Field Required Default Notes
iterations yes How many child runs to execute. Range [1, 10_000]; the upper bound is a sanity cap, raise it if you genuinely need more.
cooldown_s no 0.0 Delay between iterations. Useful when the rig physically needs to cool / re-stabilize. ≥ 0.
inner yes The procedure each child run executes (a ProcedureRef — id + config). Typically capa.builtin.recipe_runner but Batch deliberately does not hardcode that.
sample_id_template no "{base}_{idx:03d}" str.format template for each child's sample.id. {base} is the parent id, {idx} is the 0-indexed iteration. Validated at construction.
fail_fast no true When true, the first crashed child stops the batch.
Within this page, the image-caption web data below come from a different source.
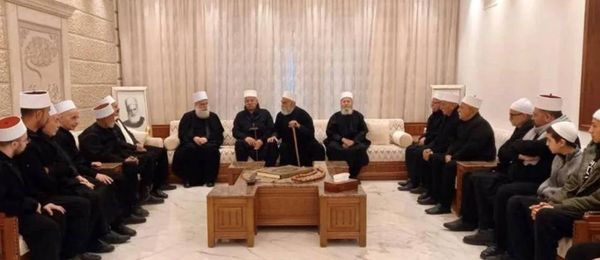 جال في عاليه والمتن... ودعا الى التضامن والحوار
أبي المنى: آن للقضايا العالقة أن تلقى الحلول اللازمة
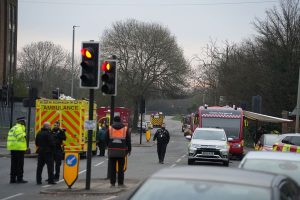 Incendio a Heathrow: 1.300 voli cancellati, aeroporto chiuso per emergenza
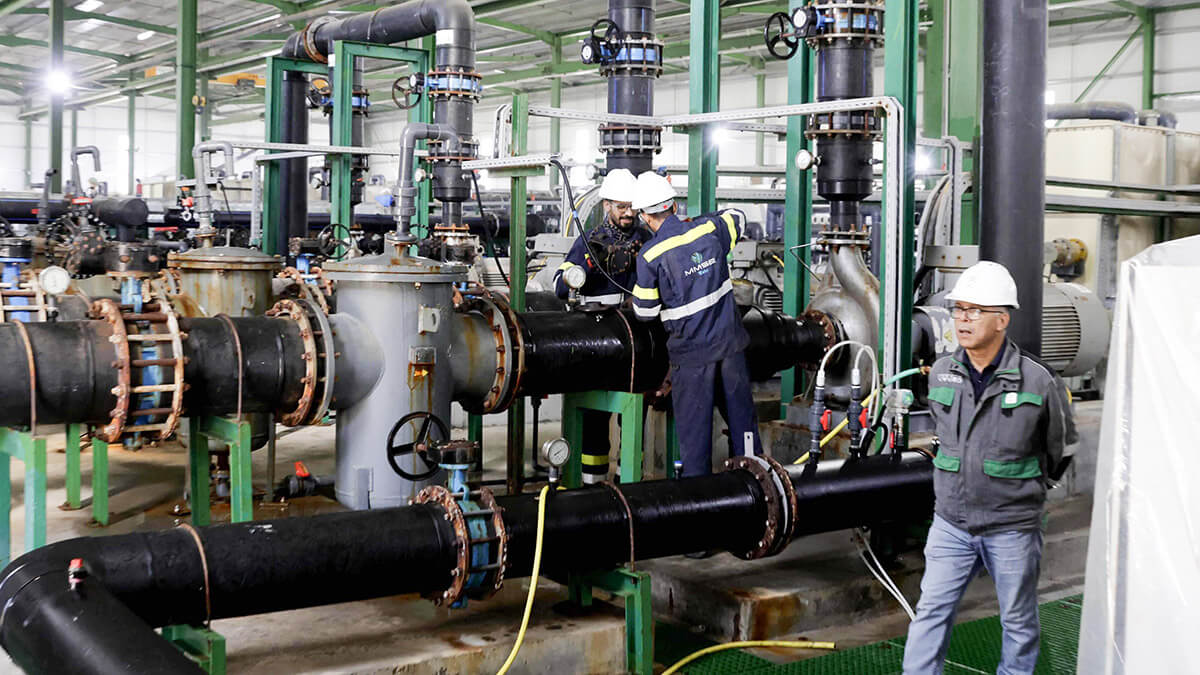 Técnicos revisan las tuberías que conectan el agua de mar a la planta desalinizadora OCP en la ciudad costera de Safi, Marruecos - PHOTO/ AFP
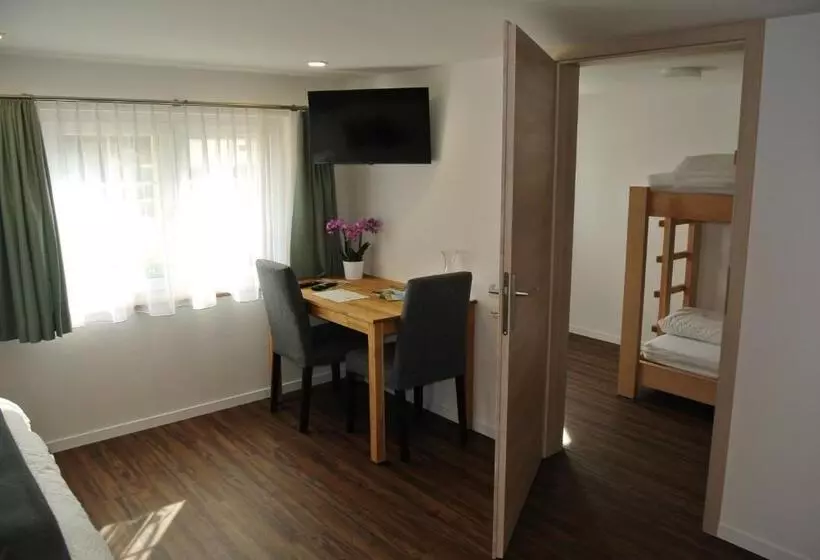 Hotelli Gasthaus Gemsli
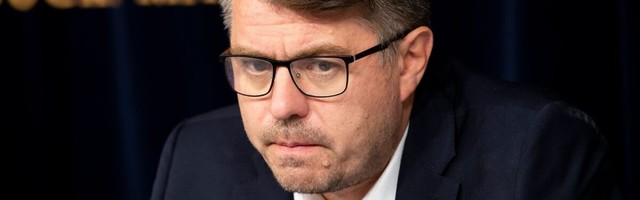VAATA: Erikomisjon tutvub vaktsiinide massilise hävimise põhjuste raportiga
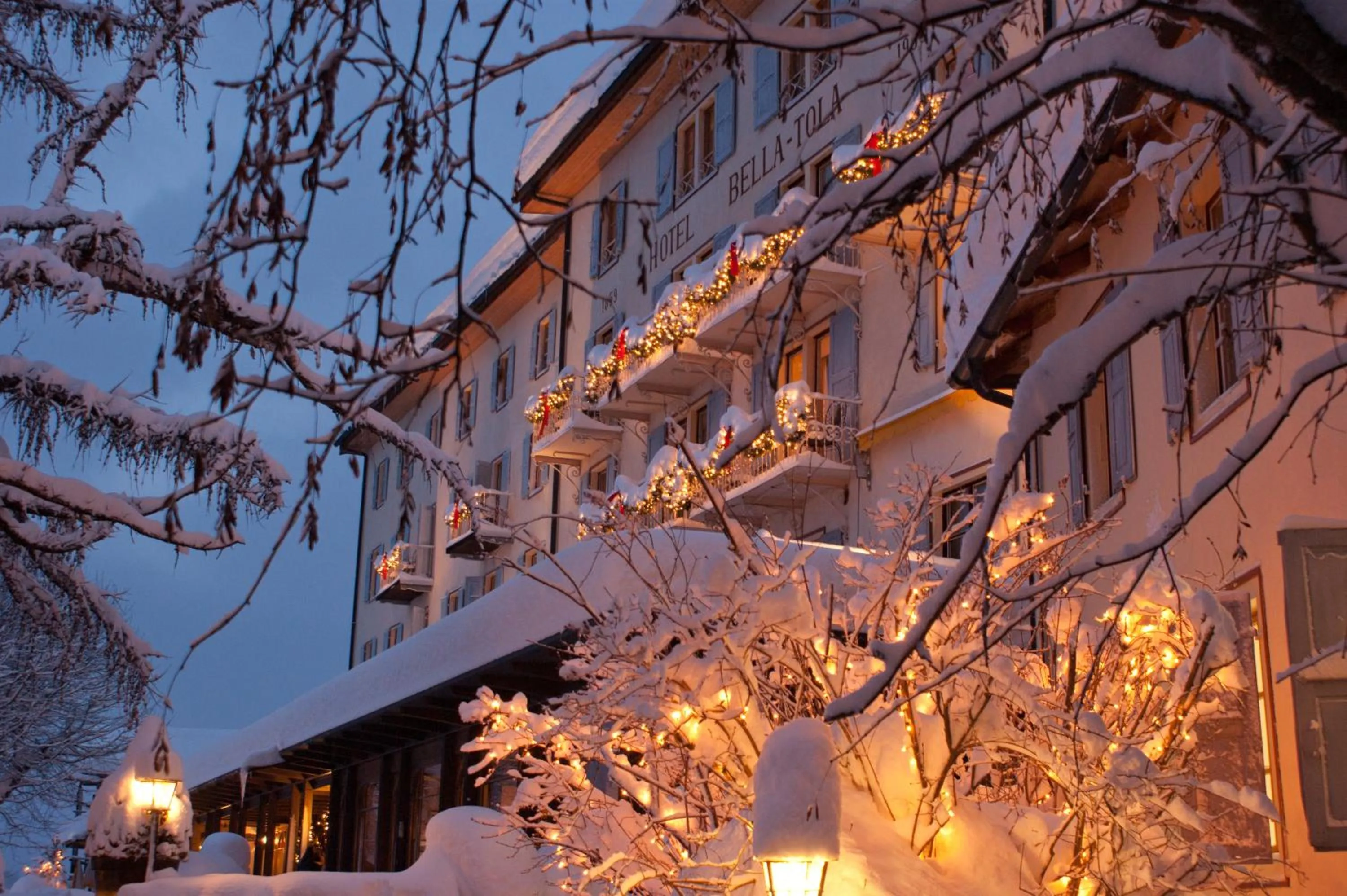 Facade/entrance in Hôtel Bella Tola & SPA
When false, the batch keeps going — useful for parameter sweeps.

Schema-time validations

BatchConfig refuses two configurations at validation time:

  • Invalid sample_id_template — the template is test-formatted with {base="x", idx=0}; any KeyError, IndexError, or ValueError fails validation.
  • Recursive batchinginner.id == capa.builtin.batch is rejected. Batch wrapping Batch is almost always a misuse and the lifecycle gets hairy. There is no escape hatch.

Sample-id template examples:

Template Iteration 3 sample id for base=PMMA_2026-05
"{base}_{idx:03d}" (default) PMMA_2026-05_003
"{base}_rep_{idx:02d}" PMMA_2026-05_rep_03
"{base}-{idx}" PMMA_2026-05-3

What each child bundle looks like

Each iteration produces a fresh bundle via run_headless. The child config is derived from the parent's ExperimentConfig with three changes:

  1. procedure swaps to the inner ProcedureRef.
  2. sample.id is the templated child id; other sample fields carry over.
  3. custom['batch'] gains:
    {
      "batch_id": "<8-byte hex>",
      "iteration": 0,
      "parent_sample_id": "<parent's sample.id>"
    }
    

The batch_id is minted from secrets.token_hex(8) at the start of run(). It's mirrored into every child bundle's manifest.json.custom['batch'] block so the runs.sqlite catalog can join the family back together.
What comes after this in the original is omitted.